Na vila de Rabo de Peixe, nos Açores, uma família assume-se como “guardiã” do Espírito Santo, reservando, durante um ano, uma das principais divisões da moradia para montar um altar para o culto ao Divino.

“A diferença em relação a outros quartos do Espírito Santo é que este fica montado durante um ano. Abriu em junho do ano passado. E só desmontamos no próximo mês de junho”, afirma à agência Lusa Maria Cecília, 43 anos, residente na vila de Rabo de Peixe, no concelho da Ribeira Grande, ilha de São Miguel.

É a mordoma do Império dos Inocentes pela segunda vez. Cresceu com a fé “inabalável” no Divino Espírito Santo.

À sua guarda e da família ficam, durante um ano, as insígnias do Divino e diariamente reza-se o terço perante a coroa em prata e a bandeira.

“Este é o quarto dos meus pais. Mas, durante o ano em que está montado o altar do Divino Espírito Santo eles ficam no quarto em frente”, explica Maria Cecília à reportagem da Lusa, garantindo que ninguém se incomoda que “tenha sido roubado” um espaço na moradia para instalar o altar.

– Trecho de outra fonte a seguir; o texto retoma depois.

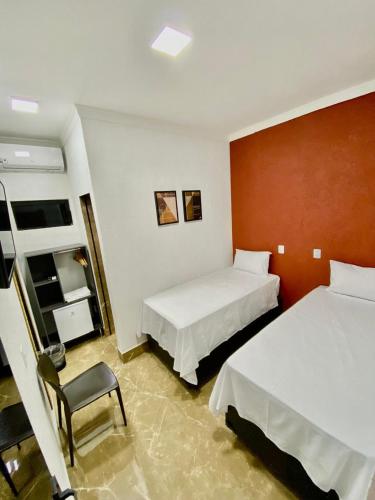 una camera d'albergo con due letti e una sedia di Hotel Uirapuru 02 a Alexânia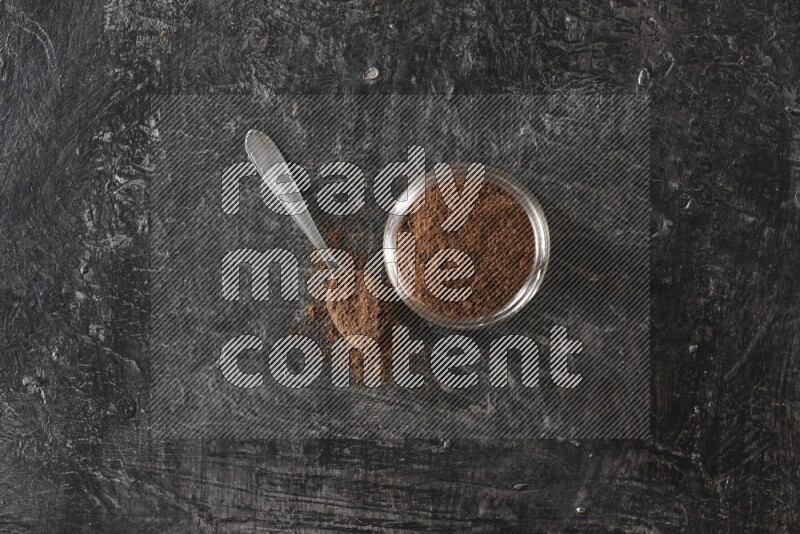 A glass jar full of cloves powder with a metal spoon on a textured black flooring
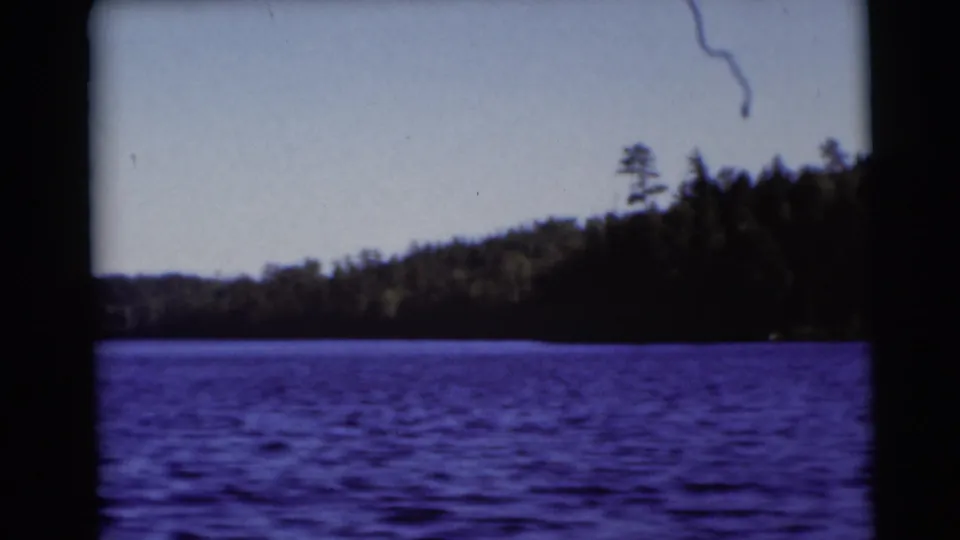 1953 Baraboo, Wisconsin lake scene with rippled blue water, dense trees along the shore, and visible 8mm frame edges.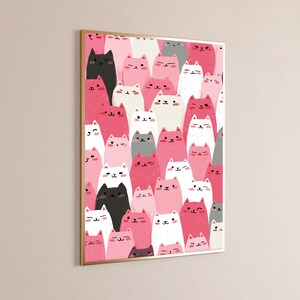May include: A rectangular wall art print featuring a dense, repeating pattern of stylized cartoon cats in shades of pink, white, black, and gray. Each cat has a simple face with eyes, a nose, and a mouth, with some cats winking or smiling.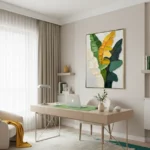 Contemporary hand-painted canvas featuring layered botanical leaves in golden yellow and deep green tones, modern workspace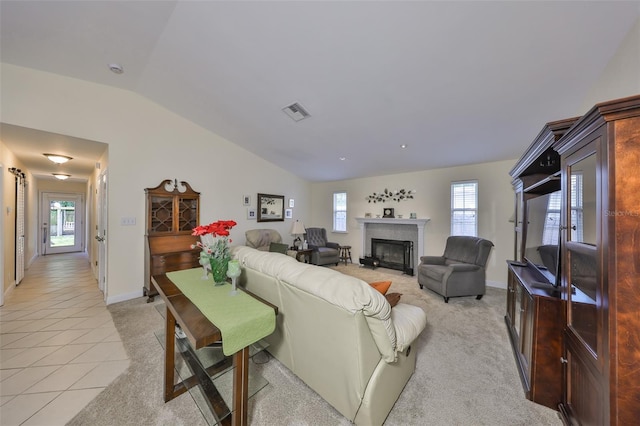 living room with vaulted ceiling, visible vents, a wealth of natural light, and a glass covered fireplace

Junto à porta do designado Quarto do Espírito Santo, um dos símbolos das festas em honra do Divino, Maria Cecília relata com orgulho e emocionada a missão de transformar uma das divisões da moradia e convertê-la em espaço de oração e reflexão, pelo período de um ano.

“Aqui em casa ficamos com o Espírito Santo o ano inteiro, mas habitualmente os símbolos ficam instalados durante uma semana em cada casa”, assinala.

A família une-se para dar forma a uma devoção desde há muitos anos.

“Não é só uma parte da casa que está dedicada ao Espírito Santo. É praticamente a casa toda só para ele”, destaca a mordoma do Império dos Inocentes, contando que, além dos vizinhos, devotos, são muitos os curiosos e os turistas que visitam a moradia ou observam pela janela o espaço onde são exibidas a coroa e a bandeira, os símbolos da festa.

Talvez por isso, quem passa no local repara numa particularidade.

“Colocamos, uma pequena estrutura de madeira para que as crianças possam subir à janela e observar o Espírito Santo”, detalha Maria Cecília.

E “não existem lugares marcados”, até porque é sempre possível rezar e ver o Espírito Santo até às 23:00, acrescenta Maria Vieira, 61 anos, cunhada da mordoma.

Maria Vieira tem o mesmo ritual desde há um ano: renovar semanalmente, com flores naturais, os arranjos que ornamentam o Quarto do Espírito Santo.

“Este ano decorámos de forma diferente. Inspiramo-nos num jardim. Mas, no ano passado “também esteve lindíssimo”, diz, descrevendo que as paredes estão forradas com uma enorme tela de papel em tons de verde, a que se juntam várias estruturas em madeira, suspensas com arranjos florais, onde o branco sobressai.

Ao centro, está a coroa em prata, ladeada pela bandeira, ambas iluminadas por uma lamparina. O azeite é, em muitos casos, doado pelos devotos, em horas de aflição ou em agradecimento por uma graça alcançada, tal como refere Maria Cecília.

No exterior, a residência está também decorada. Maria Cecília e Maria Vieira não escondem as lágrimas, por estar próxima a despedida ao Espírito Santo.

“É uma devoção tão grande. Esta fé não tem explicação. Já estou tão triste, porque o Espírito Santo vai embora desta casa”, sublinha a mordoma, afirmando já ter saudades da “companhia do Divino”, e dos símbolos depositados na residência, que irão mudar de mãos com a atribuição de um novo mordomo.

As Festas do Divino Espírito Santo iniciam-se após a Páscoa e prolongam-se até ao oitavo domingo seguinte, o da Trindade, apesar de já ser comum alargarem-se até ao verão, devido ao regresso dos emigrantes à terra natal.

As celebrações existem em todas as ilhas dos Açores com diferenças nos ritos, mas com momentos comuns (a distribuição de refeições e as coroações) e elementos típicos do culto, como as bandeiras, as coroas de prata e o hino.

O mordomo tem a responsabilidade de organizar os festejos, assumir as despesas e assegurar a distribuição das pensões (cabazes alimentares).